HOW TO COMPLETE THIS TASK —
All that is wanted is a word-for-word retyping of the lines from the one containing "Bali Southern Queen" through the end of the material below.

BEGIN

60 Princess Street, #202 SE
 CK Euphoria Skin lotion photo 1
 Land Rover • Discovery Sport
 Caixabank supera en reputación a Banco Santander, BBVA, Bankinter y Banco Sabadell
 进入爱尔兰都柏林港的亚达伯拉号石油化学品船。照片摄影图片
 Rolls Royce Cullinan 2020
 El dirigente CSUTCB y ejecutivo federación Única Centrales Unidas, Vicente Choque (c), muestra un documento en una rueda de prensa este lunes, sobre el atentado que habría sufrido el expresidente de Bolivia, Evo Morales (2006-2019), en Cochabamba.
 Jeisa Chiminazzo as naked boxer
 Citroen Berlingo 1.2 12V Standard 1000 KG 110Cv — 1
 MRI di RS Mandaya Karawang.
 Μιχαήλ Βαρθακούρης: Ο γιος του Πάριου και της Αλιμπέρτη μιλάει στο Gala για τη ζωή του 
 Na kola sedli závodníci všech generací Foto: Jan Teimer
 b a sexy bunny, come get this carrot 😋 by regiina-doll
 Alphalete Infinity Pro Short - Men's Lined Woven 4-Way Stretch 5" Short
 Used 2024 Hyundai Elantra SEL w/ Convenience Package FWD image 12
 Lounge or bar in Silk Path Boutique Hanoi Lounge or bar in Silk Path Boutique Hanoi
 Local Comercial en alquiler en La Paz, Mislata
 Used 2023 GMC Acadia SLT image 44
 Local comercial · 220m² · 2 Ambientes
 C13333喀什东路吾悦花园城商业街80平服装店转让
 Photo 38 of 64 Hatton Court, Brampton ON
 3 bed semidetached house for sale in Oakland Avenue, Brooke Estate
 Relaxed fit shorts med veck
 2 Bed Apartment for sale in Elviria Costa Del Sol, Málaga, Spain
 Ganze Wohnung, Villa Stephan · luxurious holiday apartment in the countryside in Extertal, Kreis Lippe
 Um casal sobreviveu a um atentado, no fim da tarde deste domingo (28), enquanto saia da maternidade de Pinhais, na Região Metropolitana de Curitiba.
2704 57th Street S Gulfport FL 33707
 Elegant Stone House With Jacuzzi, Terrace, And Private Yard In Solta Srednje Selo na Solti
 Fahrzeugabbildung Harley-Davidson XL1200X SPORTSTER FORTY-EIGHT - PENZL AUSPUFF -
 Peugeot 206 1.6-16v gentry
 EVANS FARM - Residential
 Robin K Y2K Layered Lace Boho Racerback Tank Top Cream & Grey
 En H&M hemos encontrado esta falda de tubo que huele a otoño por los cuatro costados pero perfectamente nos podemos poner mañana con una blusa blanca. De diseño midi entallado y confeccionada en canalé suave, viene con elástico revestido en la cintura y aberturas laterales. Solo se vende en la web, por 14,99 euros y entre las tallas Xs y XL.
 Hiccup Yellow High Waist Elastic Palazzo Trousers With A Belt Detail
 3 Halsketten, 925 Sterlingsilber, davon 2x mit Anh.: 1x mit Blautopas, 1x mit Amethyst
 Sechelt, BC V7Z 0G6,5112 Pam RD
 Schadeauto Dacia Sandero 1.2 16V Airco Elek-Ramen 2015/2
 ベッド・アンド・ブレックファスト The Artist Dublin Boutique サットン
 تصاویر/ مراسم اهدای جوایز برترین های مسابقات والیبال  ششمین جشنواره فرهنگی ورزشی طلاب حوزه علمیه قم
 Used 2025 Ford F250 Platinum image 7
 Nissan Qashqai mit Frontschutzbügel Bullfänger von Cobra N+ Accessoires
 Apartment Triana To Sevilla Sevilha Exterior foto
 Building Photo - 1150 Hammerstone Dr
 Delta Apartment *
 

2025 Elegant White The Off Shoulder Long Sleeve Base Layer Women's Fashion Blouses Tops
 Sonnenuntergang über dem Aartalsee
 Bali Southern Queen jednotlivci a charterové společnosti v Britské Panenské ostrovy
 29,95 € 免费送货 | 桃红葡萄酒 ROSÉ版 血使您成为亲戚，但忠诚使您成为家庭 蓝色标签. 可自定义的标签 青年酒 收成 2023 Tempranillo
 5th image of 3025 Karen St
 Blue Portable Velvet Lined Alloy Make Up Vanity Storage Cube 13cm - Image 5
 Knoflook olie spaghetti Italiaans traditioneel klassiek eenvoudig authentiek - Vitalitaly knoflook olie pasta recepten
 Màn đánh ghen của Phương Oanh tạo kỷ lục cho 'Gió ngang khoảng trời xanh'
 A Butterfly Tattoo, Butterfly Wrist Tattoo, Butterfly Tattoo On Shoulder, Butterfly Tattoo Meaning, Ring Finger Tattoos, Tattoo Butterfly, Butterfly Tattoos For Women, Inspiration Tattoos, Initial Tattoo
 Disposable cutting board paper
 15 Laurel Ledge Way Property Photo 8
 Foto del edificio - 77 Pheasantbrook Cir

END

COMPLETED EXERCISE —
 Bali Southern Queen jednotlivci a charterové společnosti v Britské Panenské ostrovy
 29,95 € 免费送货 | 桃红葡萄酒 ROSÉ版 血使您成为亲戚，但忠诚使您成为家庭 蓝色标签. 可自定义的标签 青年酒 收成 2023 Tempranillo
 5th image of 3025 Karen St
 Blue Portable Velvet Lined Alloy Make Up Vanity Storage Cube 13cm - Image 5
 Knoflook olie spaghetti Italiaans traditioneel klassiek eenvoudig authentiek - Vitalitaly knoflook olie pasta recepten
 Màn đánh ghen của Phương Oanh tạo kỷ lục cho 'Gió ngang khoảng trời xanh'
 A Butterfly Tattoo, Butterfly Wrist Tattoo, Butterfly Tattoo On Shoulder, Butterfly Tattoo Meaning, Ring Finger Tattoos, Tattoo Butterfly, Butterfly Tattoos For Women, Inspiration Tattoos, Initial Tattoo
 Disposable cutting board paper
 15 Laurel Ledge Way Property Photo 8
 Foto del edificio - 77 Pheasantbrook Cir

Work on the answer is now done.